In some specific locations, like the Sarmatian-age Boldesti structure, microconglomerates also act as reservoir rocks.
- 3.
- Seal Rocks (The “Lid”)
The “protective” or seal rocks (cap rocks) that prevent the hydrocarbons from escaping are the pelitic (shale and clay) layers.
In this system, the same rocks often played two roles; they first served as the source rock, and after expelling their hydrocarbons, their impermeability allowed them to act as the seal rock that trapped those same hydrocarbons.
- 4.
- The Role of Salt: A Mechanical Architect, Not a Pathway
The connection between the salt diapirs and the hydrocarbon reservoirs is purely mechanical.
The authors argue against the idea of vertical migration.

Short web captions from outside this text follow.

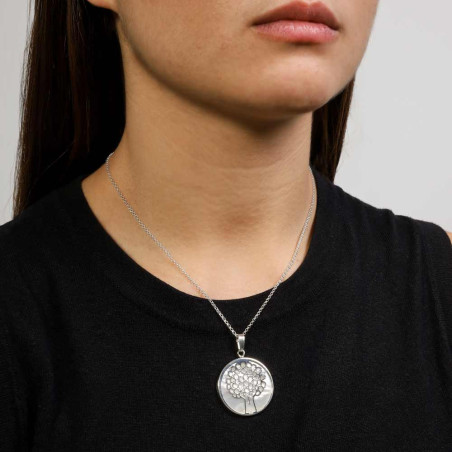 colgante para mujer de plata y nacar con manos y arbol
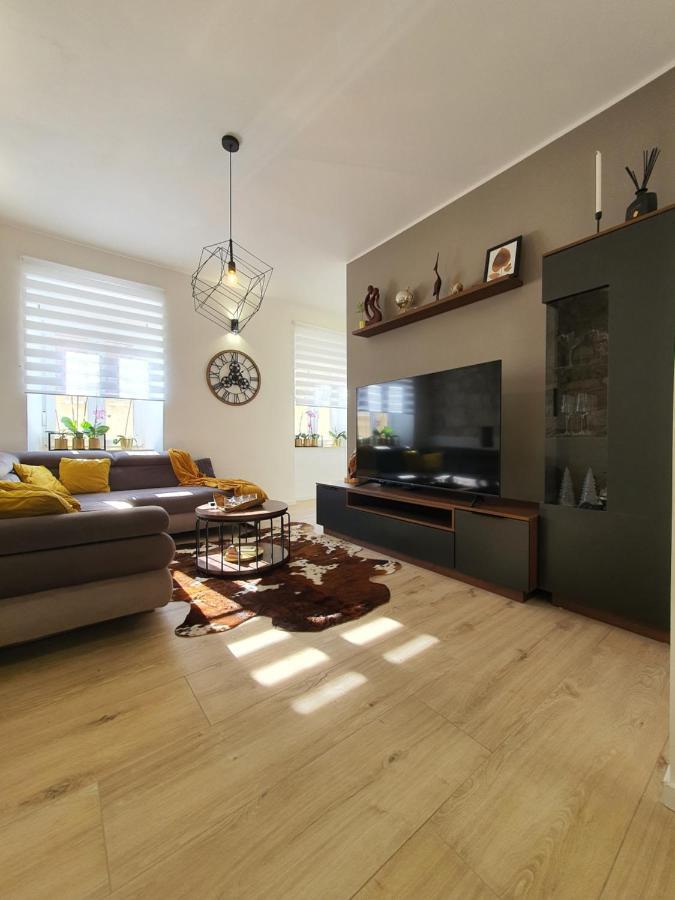 Appartement Connor à Pula Extérieur photo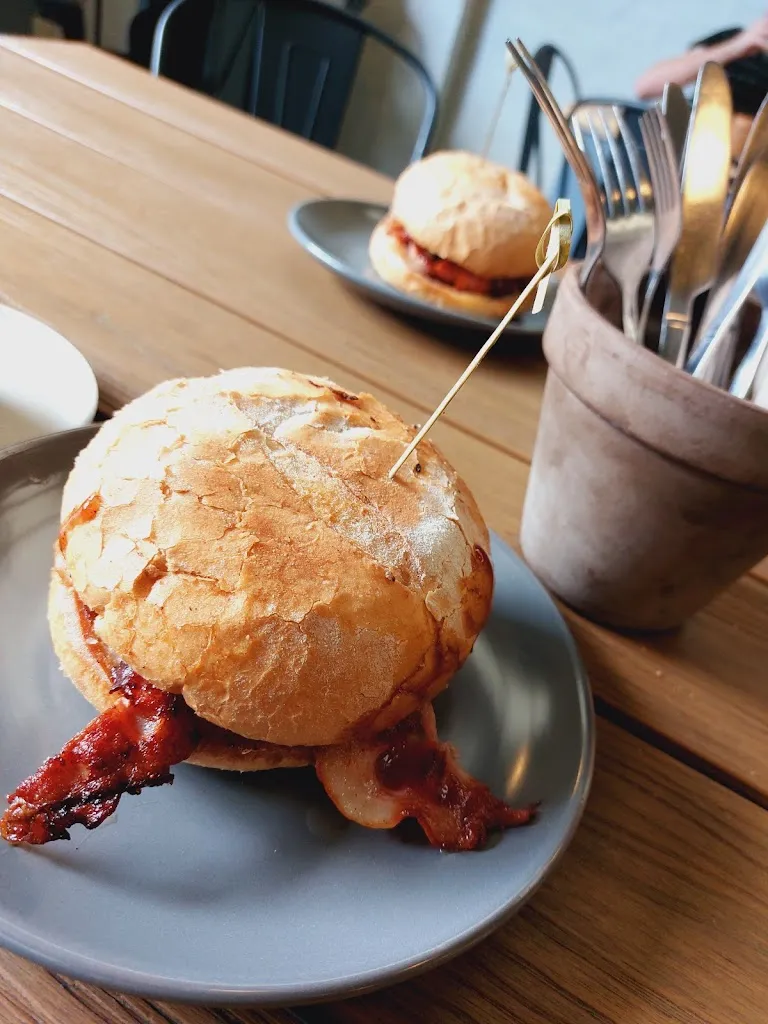 Charuka Ashan_Three Trees Cafe_Liverpool_review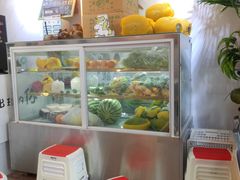 -津椰本·海南正宗椰奶清补凉(店一店)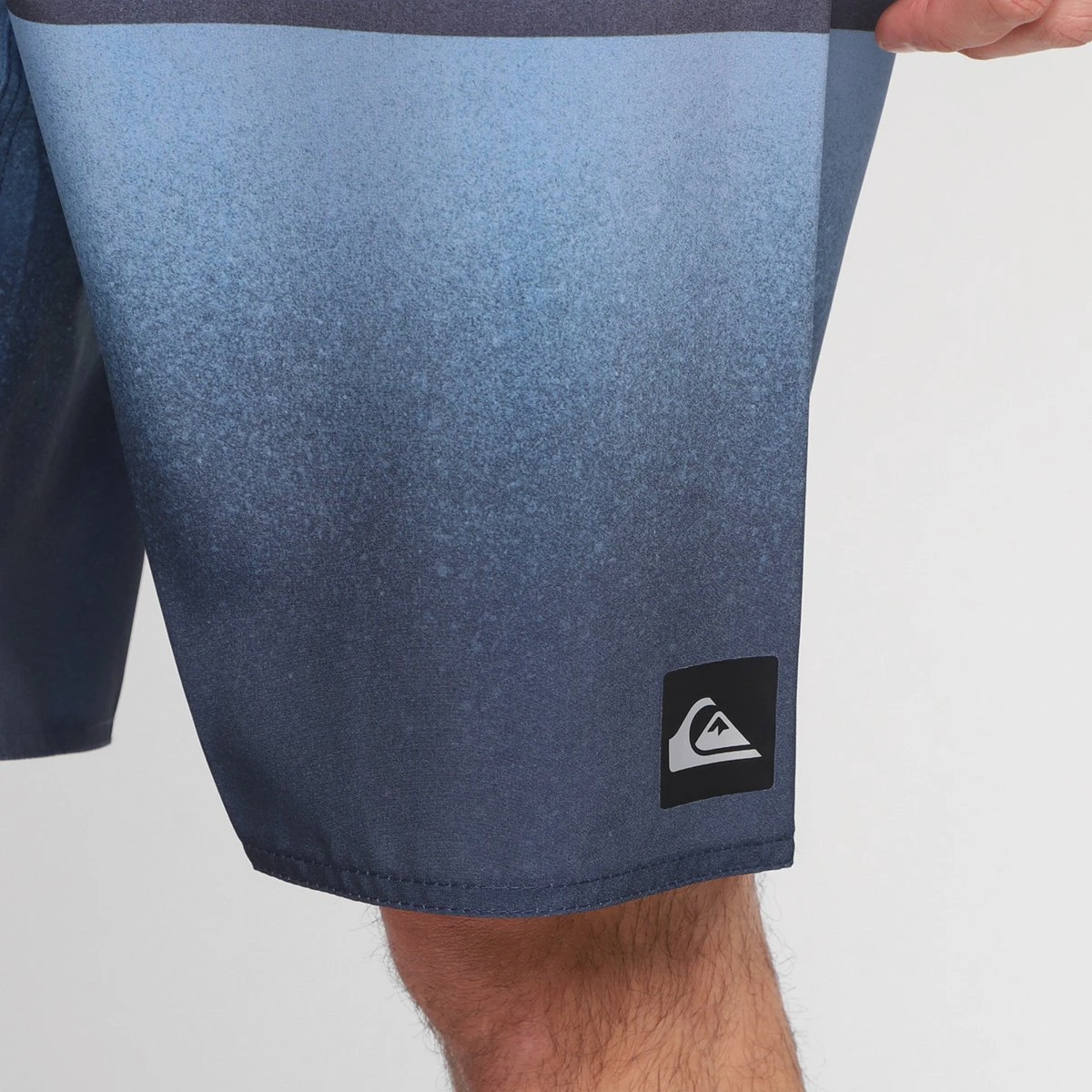 Bermuda Boardshort Quiksilver Everyday Swell Vision 20 Masculina 5 Bermuda Boardshort Quiksilver Everyday Swell Vision 20 Masculina - Image 3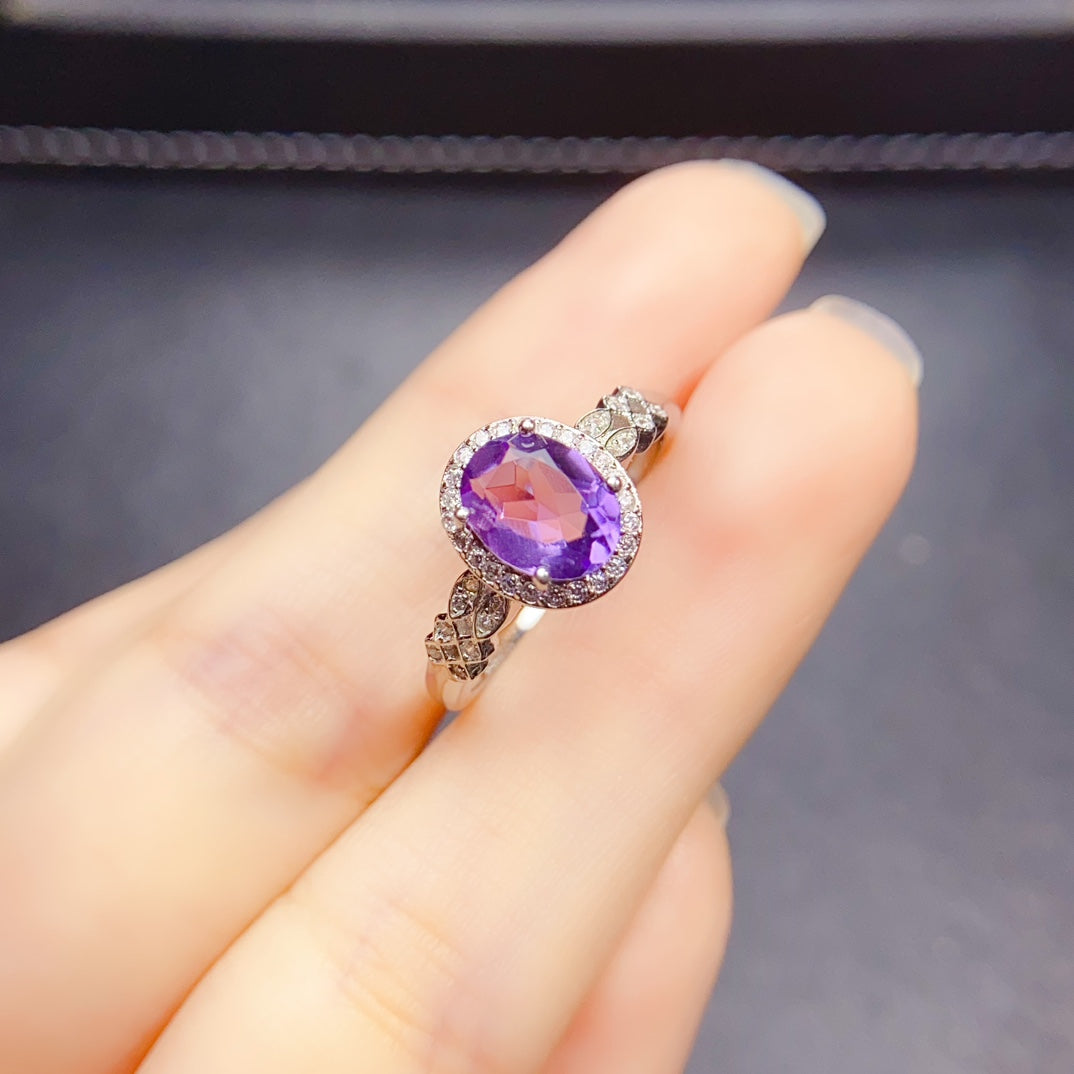 The natural amethyst ring has arrived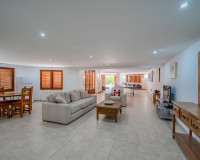 Resale - Detached Villa - Cabo Roig
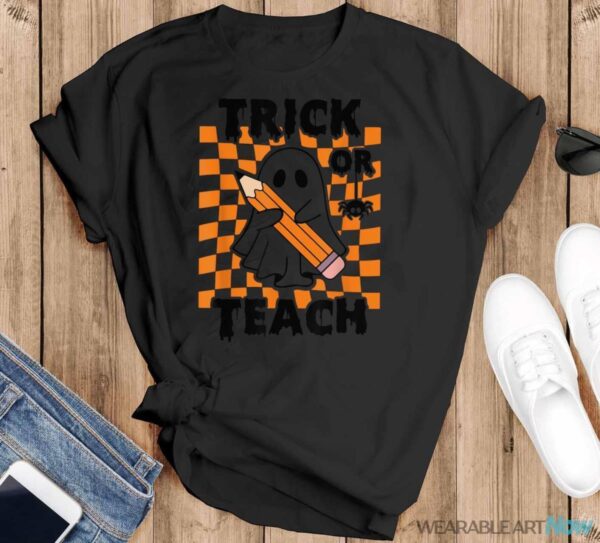 Groovy Halloween Trick Or Teach Retro Floral Ghost Teacher Shirt - Black T-Shirt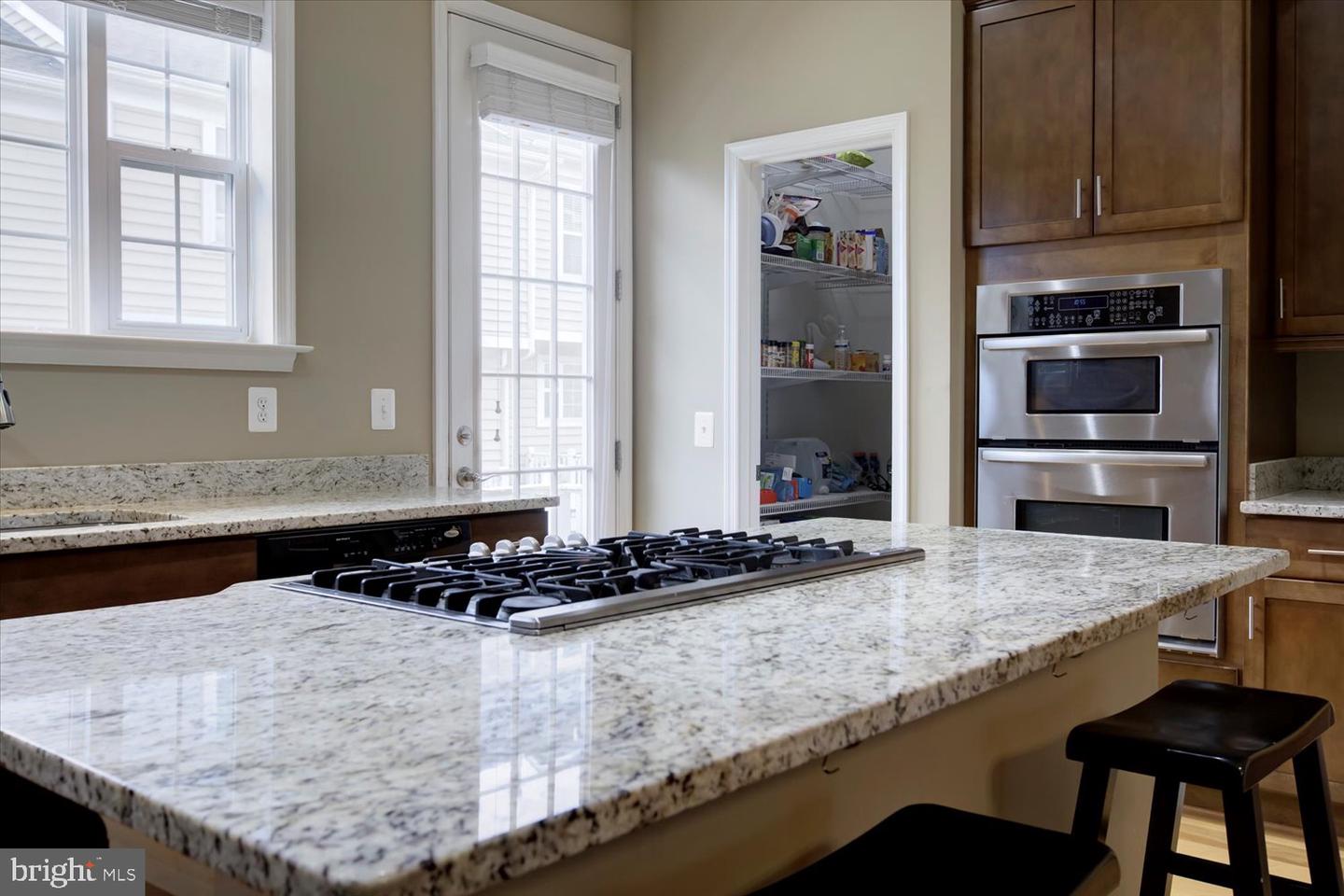 2046 BLUNT LN, ALEXANDRIA, Virginia 22303, 3 Bedrooms Bedrooms, ,3 BathroomsBathrooms,Residential,For sale,2046 BLUNT LN,VAFX2253784 MLS # VAFX2253784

Since salt is impermeable, there is no evidence to suggest that hydrocarbons migrated vertically along the salt’s walls from older formations (like the Oligocene) into newer ones (like the Miocene or Eocene).
Instead, the hydrocarbons likely formed within or near their reservoir layers and migrated laterally and the salt’s critical role was to physically build the traps.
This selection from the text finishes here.